InvalidArgumentError (see above for traceback): Assign requires shapes of both tensors to match. lhs shape= [1,1,4096,200] rhs shape= [1,1,4096,1000] 

So, how does one really go about doing this ? The documentation for TFSlim is really patchy and there are several versions scattered on Github - so not getting much help there.


Solution

  • You can try using slim's way of restoring — slim.assign_from_checkpoint.

    There is related documentation in the slim sources: https://github.com/tensorflow/tensorflow/blob/129665119ea60640f7ed921f36db9b5c23455224/tensorflow/contrib/slim/python/slim/learning.py

    Corresponding part:

    *************************************************
    * Fine-Tuning Part of a model from a checkpoint *
    *************************************************
    Rather than initializing all of the weights of a given model, we sometimes
    only want to restore some of the weights from a checkpoint.
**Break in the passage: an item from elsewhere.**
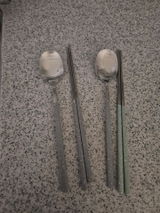 junoblu review photo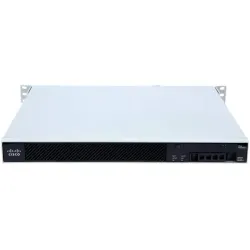 Cisco ASA5515X Firewall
To do this, one
    need only filter those variables to initialize as follows:
      ...
      # Create the train_op
      train_op = slim.learning.create_train_op(total_loss, optimizer)
      checkpoint_path = '/path/to/old_model_checkpoint'
      # Specify the variables to restore via a list of inclusion or exclusion
      # patterns:
      variables_to_restore = slim.get_variables_to_restore(
          include=["conv"], exclude=["fc8", "fc9])
      # or
      variables_to_restore = slim.get_variables_to_restore(exclude=["conv"])
      init_assign_op, init_feed_dict = slim.assign_from_checkpoint(
          checkpoint_path, variables_to_restore)
      # Create an initial assignment function.
      def InitAssignFn(sess):
          sess.run(init_assign_op, init_feed_dict)
      # Run training.
      slim.learning.train(train_op, my_log_dir, init_fn=InitAssignFn)
    

    Update

    I tried the following:

    import tensorflow as tf
    import tensorflow.contrib.slim as slim
    import tensorflow.contrib.slim.nets as nets
    images = tf.placeholder(tf.float32, [None, 224, 224, 3])
    predictions = nets.vgg.vgg_16(images)
    print [v.name for v in slim.get_variables_to_restore(exclude=['fc8']) ]
    

    And got this output (shortened):

    [u'vgg_16/conv1/conv1_1/weights:0',
     u'vgg_16/conv1/conv1_1/biases:0',
     …
     u'vgg_16/fc6/weights:0',
     u'vgg_16/fc6/biases:0',
     u'vgg_16/fc7/weights:0',
     u'vgg_16/fc7/biases:0',
     u'vgg_16/fc8/weights:0',
     u'vgg_16/fc8/biases:0']
    

    So it looks like you should prefix scope with vgg_16:

    print [v.name for v in slim.get_variables_to_restore(exclude=['vgg_16/fc8']) ]
    

    gives (shortened):

    [u'vgg_16/conv1/conv1_1/weights:0',
     u'vgg_16/conv1/conv1_1/biases:0',
     …
     u'vgg_16/fc6/weights:0',
     u'vgg_16/fc6/biases:0',
     u'vgg_16/fc7/weights:0',
     u'vgg_16/fc7/biases:0']
    

    Update 2

    Complete example that executes without errors (at my system).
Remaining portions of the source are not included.